O Brasil é um país de gente estranha. Não é um povo muito sério. Pelo contrário, em certos aspectos, chega a ser leviano. Casos de tolerância injustificada são emblemáticos e de certa forma explicam a própria impunidade porque esta, de um fato menor e aparentemente irrelevante, se projeta para outros de maior gravidade e não nos assusta mais.

O jogador Dodô, do Botafogo, foi absolvido da acusação de doping, mesmo diante do resultado positivo da prova técnica. Houve aplausos, manifestação ruidosa de torcedores com bandeirinhas, num protesto às avessas.

A jogadora de vôlei Jaqueline foi suspensa por usar substância estimulante vedada pelas leis do esporte e a cobertura da imprensa foi de comiseração, passando a imagem de que ela foi ingênua ao usar um creme contra celulite...

O cantor Bello, condenado e aguardando recurso de seu processo às instâncias superiores, foi convidado pelo Faustão e participou de um dos “dumingões” como se fosse um inocente condenado por injustiça da Justiça.

Há alguns anos o ex-jogador Reinaldo, atacante do Atlético Mineiro na década de 1970, foi preso porque emprestou seu carro a traficantes para buscar drogas no Paraguai.
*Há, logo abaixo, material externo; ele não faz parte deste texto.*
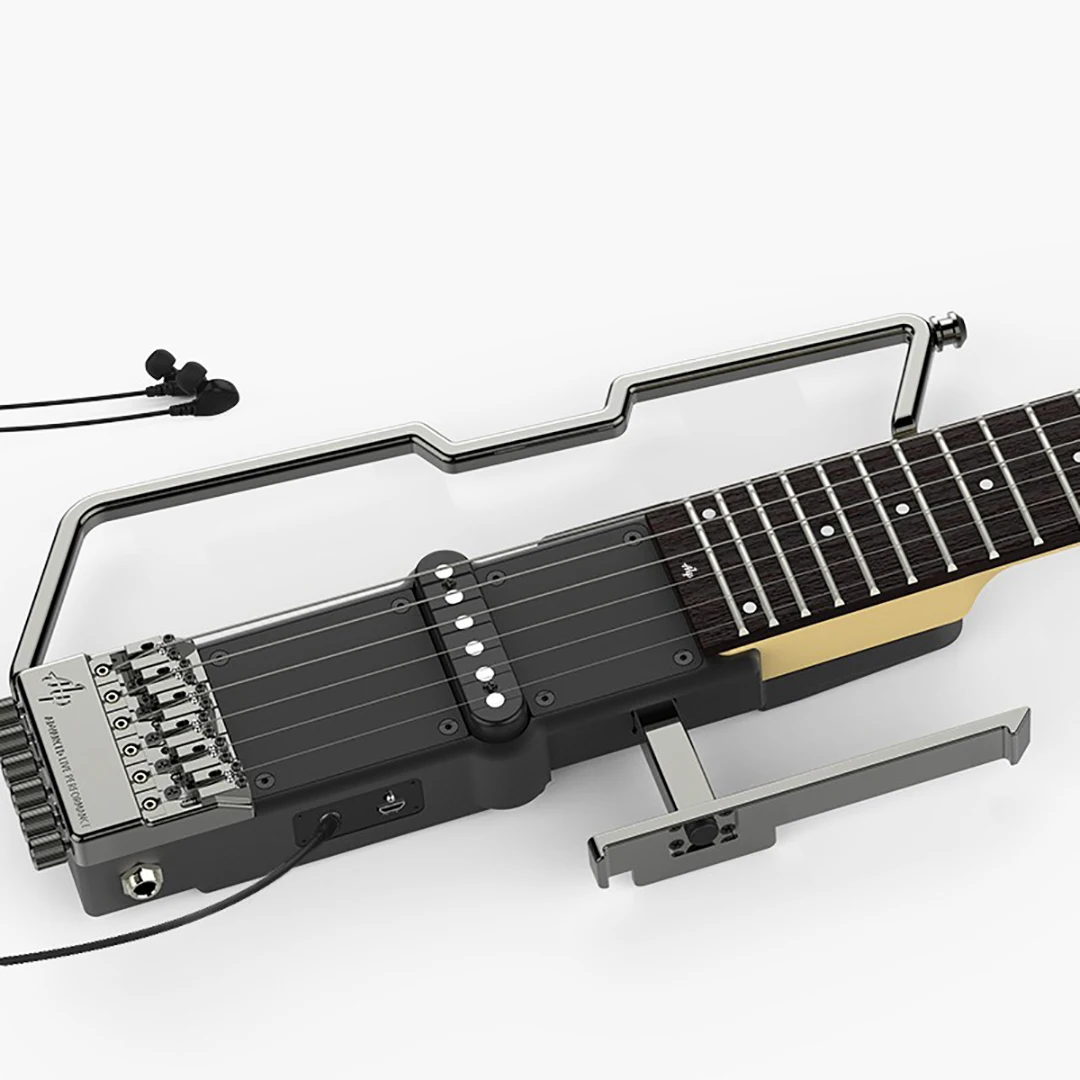 アルミ合金製エレキギター,透明,F-ST,サイレント,折りたたみ式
As manifestações da imprensa foram contra a atividade policial e judicial.

Boris Casoy, então na Record, o defendeu vigorosamente dizendo que ele deveria se submeter a tratamento, pois era viciado. Tudo bem! Viciado deve ser, mesmo, tratado, e há até quem defenda a descriminalização do porte de drogas nesses casos. Mas ele foi preso por emprestar o veículo a traficantes. Esta não é conduta de viciado, mas de cumplicidade. Quem concorre, de qualquer forma, para o crime, incide nas penas a ele cominadas.

Toda vez que Maureen Maagi aparecia, no último Pan, era lembrado seu envolvimento com substâncias estimulantes, há uns três anos, o que a retirou da cena desportiva por algum tempo. O enfoque da imprensa era de carinho (até aí tudo bem, aliás, muito bem) e acoitamento, como se os aplicadores da pena fossem os culpados e ela injustiçada.

Ontem à noite, no jogo de futebol entre Botafogo e São Paulo, o jogador Reasco sofreu uma entrada violenta do botafoguense Luciano Almeida e fraturou a tíbia. Ficará uns seis meses sem jogar futebol, ou seja, sem poder exercer sua profissão...

O que diz a imprensa? Nada! Fui ao blog do Juca Kfouri, apontado por muitos como um bom comentarista esportivo, e está lá: Para piorar, Reasco fraturou a tíbia e não deve mais jogar neste ano. Só! Tem-se a impressão de que o jogador caminhava em campo e teve uma fratura espontânea, como se padecesse de osteoporose.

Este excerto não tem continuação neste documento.